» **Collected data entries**

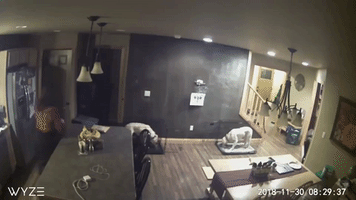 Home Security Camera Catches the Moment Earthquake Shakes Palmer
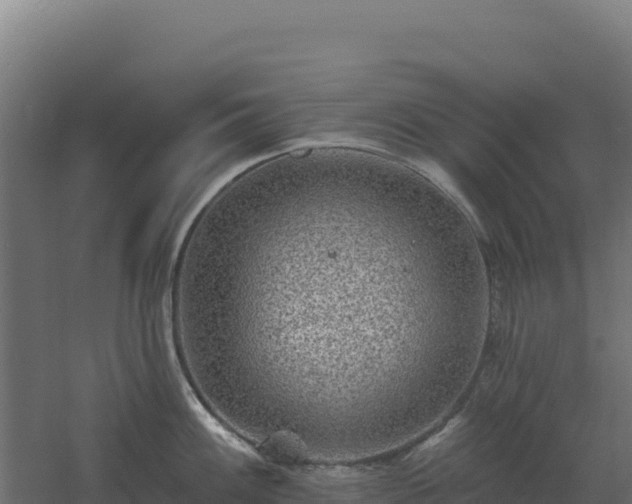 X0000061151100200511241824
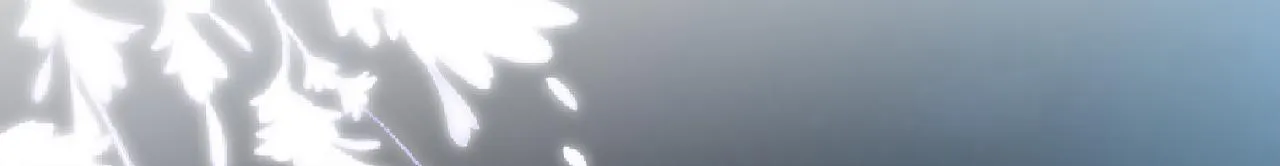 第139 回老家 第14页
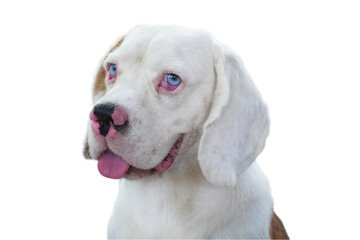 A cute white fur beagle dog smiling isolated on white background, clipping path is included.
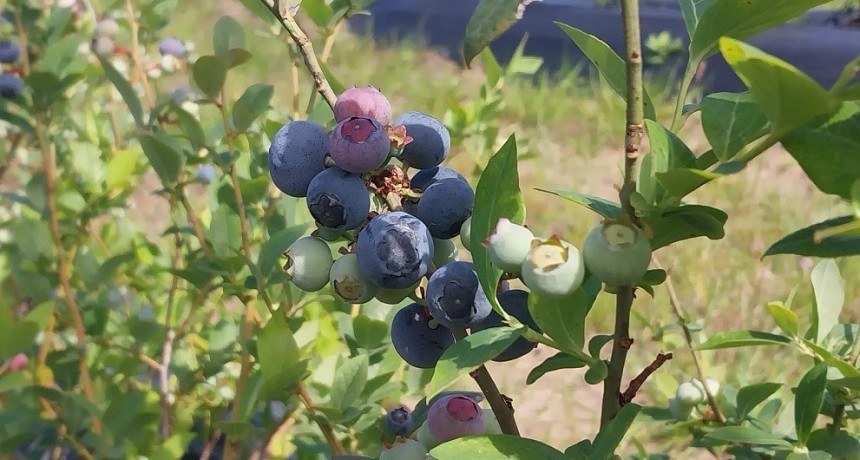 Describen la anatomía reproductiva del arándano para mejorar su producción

» **Your goal**
The records above should be written out in full and unchanged, except that pictures are dropped.

» **Written answer**
 Home Security Camera Catches the Moment Earthquake Shakes Palmer
 X0000061151100200511241824
 第139 回老家 第14页
 A cute white fur beagle dog smiling isolated on white background, clipping path is included.
 Describen la anatomía reproductiva del arándano para mejorar su producción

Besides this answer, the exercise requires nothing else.